Der beliebte Short-URL-Dienst tinyurl.com wird aktuell in den Updates aller namhaften Anti-Virus-Hersteller als Malware-Schleuder eingestuft und der Zugriff auf die Website wird durch die Anti-Virus-Software blockiert. Hintergrund des Ganzen sind Vorfälle, die seit Anfang März 2008 gehäuft auftreten: Bei einigen US-Bannerwerbediensten wurden Werbeanzeigen geschaltet, die – nachdem diese durch die Agenturen freigegeben worden waren – verändert werden.

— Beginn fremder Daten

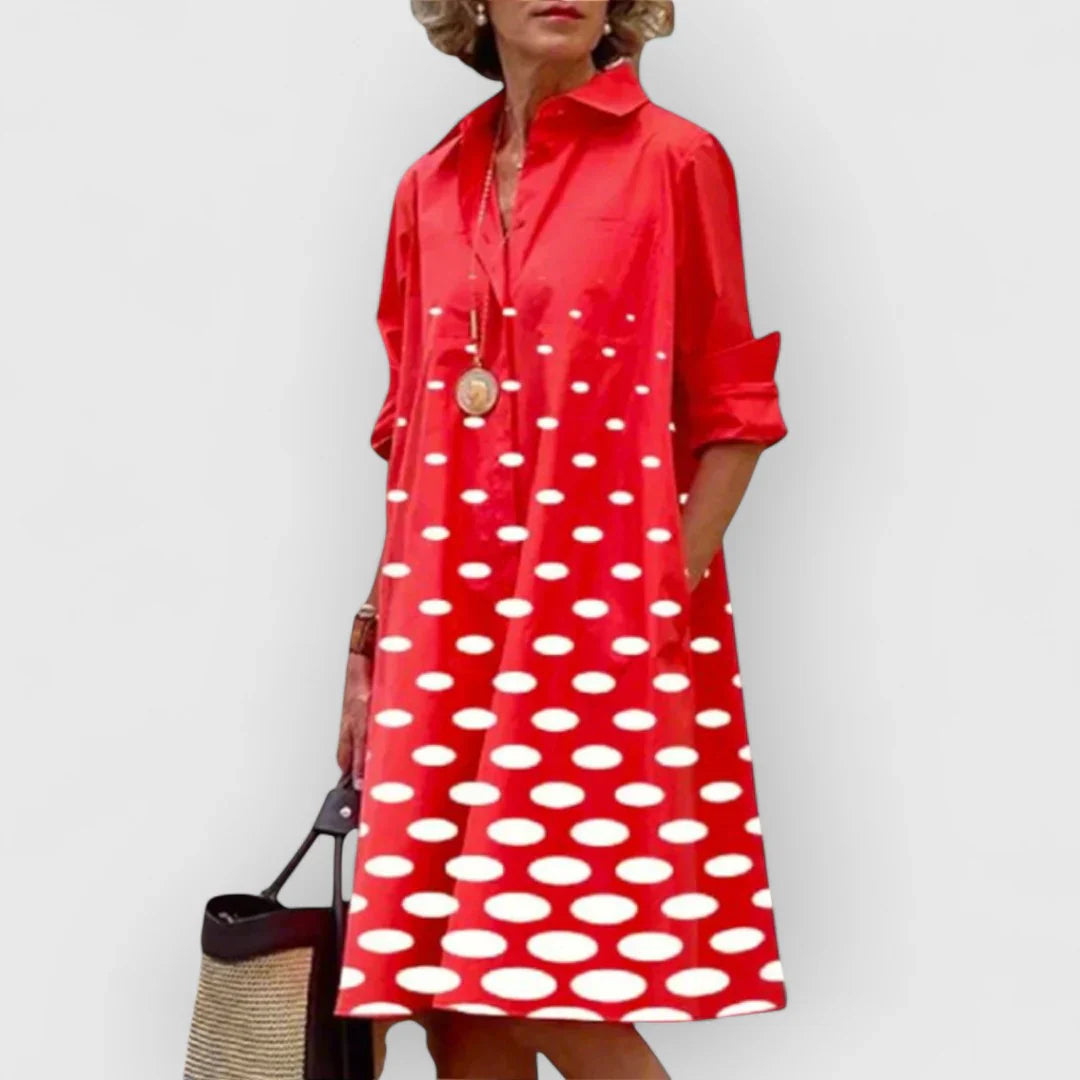 Adelia Midi Dress – Timeless Elegance & Unmatched Comfort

Dabei wurde sowohl die eingeblendete Werbung als auch der Link per tinyurl.com verschlüsselt. Wer die Bannerwerbung auf seinen PC geliefert bekam, erhielt bei aktuellen Signaturen der Schutzsoftware eine Meldung, dass insgesamt vier Trojaner (!) gleichzeitig installiert werden sollten.

Neben tinyurl.com sind auch einige Werbeagenturen aktuell in den Viren-Signaturen der Schutzprogramme geblockt, darunter der bekannte Dienst von CPXInteractive.com. Die Hauptseite der US-Agentur ist zwar weiterhin erreichbar, nicht jedoch die Websites, die für die Auslieferung der Werbung zuständig sind.

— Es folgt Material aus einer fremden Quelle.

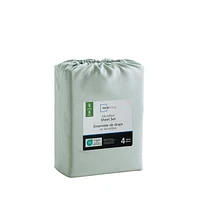 Ensemble de draps en microfibre doux et facile d'entretien Mainstays – Solide Tailles: 1 place, 2 places et grand lit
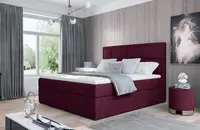 Boxspring Meron Rozměr: 180 x 200 cm, látka: MatVelvet 68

Im Forum von ZONEALARM raten die Supporter von CheckPoint Software, dem Hersteller der bekannten Anti-Virus-Suite, den Usern dazu, die geblockte URL aus der Liste der „SpySites“ zu entfernen und damit den Zugriff wieder freizugeben. Im gleichen Satz warnen die Mitarbeiter aber davor, denn aktuell gibt es seit drei Tagen wieder einen verstärkten Angriff mit tinyurl.com-verschlüsselten und Trojaner-verseuchten Werbung über die bekannten US-amerikanischen Bannerdienste. Nach einer Information der Pressestelle von ZONELABS Deutschland sind deutsche Anbieter von Bannerwerbung bislang verschont geblieben. Und auch der Adsense-Dienst von Google hat bislang keine verseuchte Werbung ausgeliefert.